Entramos em 2020, ano olímpico e ano de eleições municipais no Brasil, mas também é o ano das eleições presidenciais nos Estados Unidos. Assim como em 2012 e 2016, a Made in USA voltará a honrar o seu nome e fará o acompanhamento de todo o processo de escolha do próximo mandatário da nação mais poderosa do Planeta.

Para começar a cobertura, esta primeira coluna inicialmente explicará como funciona este longuíssimo processo de escolha que começa agora na 1ª semana de fevereiro e só culminará em 3 de novembro com a eleição presidencial propriamente dita, ao menos idealmente. O sistema de eleição presidencial nos Estados Unidos é complexo e muitos problemas podem ocorrer mesmo após o dia do pleito. Mas isso é assunto para ser abordado em um estágio futuro¹ da corrida presidencial.

Obs: esse texto é apenas a edição atualizada do Guia de 2016.

A primeira etapa consiste na escolha interna de cada partido de quem será seu candidato para as eleições gerais de novembro, no que se chama de “primárias”. Mesmo que não haja nenhuma restrição legal, o sistema político americano é um sistema bipartidário na prática, tendo o Partido Democrata, de centro-esquerda de um lado e o Partido Republicano, de direita com setores em extrema-direita, de outro. Apenas o candidato indicado por cada um desses dois partidos terá reais chances de ocupar a cadeira presidencial.

O processo de primárias funciona de forma bem diferente da eleição geral. Esta ocorre no mesmo dia em todos os 50 estados americanos e apenas nos estados. Já as eleições primárias ocorrem bem aos poucos, e cada estado faz em uma data diferente, em um longo processo de escolha.

Normalmente, depois dos 4 primeiros estados, é normal que se escolham grupos de estados para realizarem suas primárias no mesmo dia. Além dos estados, tanto democratas como republicanos também organizam primárias nos territórios ultramarinos, Commomwealths e afins (nessas categorias se encaixam Porto Rico, Ilhas Marianas, Guam, etc.). Além disso, os membros do partido que estão morando fora dos Estados Unidos também tem direito a participar das convenções.
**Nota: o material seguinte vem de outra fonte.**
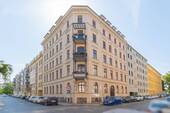 Gebäudeansicht - 2 Zimmer Etagenwohnung in Leipzig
No caso democrata, eles inclusive tem direito a votar na eleição do candidato democrata, já os republicanos participam mas não votam.

A eleição no primeiro estado ocorrerá em 3 de fevereiro e a última eleição está marcada para ocorrer só em 6 de junho. Esse grande lapso de tempo é feito de forma proposital, para que aos poucos já vá se desenhando quem serão os principais concorrentes dentro de cada partido, já tendência é que a medida que os candidatos fiquem para trás nas sucessivas eleições, eles abandonem a disputa.

Este longo tempo de primárias também faz com que os candidatos ganhem bastante exposição da mídia, ainda mais quando a quantidade de candidatos diminui. Isso é duplamente bom: primeiro ajuda a destacar o candidato, segundo a probabilidade de qualquer escândalo detonar uma candidatura após a convenção nacional do partido (momento de indicação formal do candidato) é bem pequena, já que provavelmente ele já fora tornado público ainda no período das primárias.

Cada estado é livre para dispor sobre as regras dessas escolhas. Basicamente existem duas formas de escolha: os “caucuses” e as “primárias”. As primárias muito se assemelham a eleições normais. As urnas ficam abertas durante o dia, o eleitor reserva uma parte do seu dia para ir a uma seção eleitoral, deposita seu voto secreto na urna (algumas são manuais, outras eletrônicas), ao fim do dia as urnas são fechadas e os votos concedidos são apurados. De forma geral, são mais usadas em estados mais populosos.

Já os “caucuses” funcionam de forma totalmente diferente. Os eleitores se reúnem em locais públicos previamente determinados e ali discutem, conversam e fazem sua escolha, como se fosse uma assembléia. Normalmente há discursos de apoiadores dos candidatos nas tribunas desses lugares (muitas vezes os próprios candidatos se apresentam em alguns locais) e a tentativa de convencimento de indecisos é livre.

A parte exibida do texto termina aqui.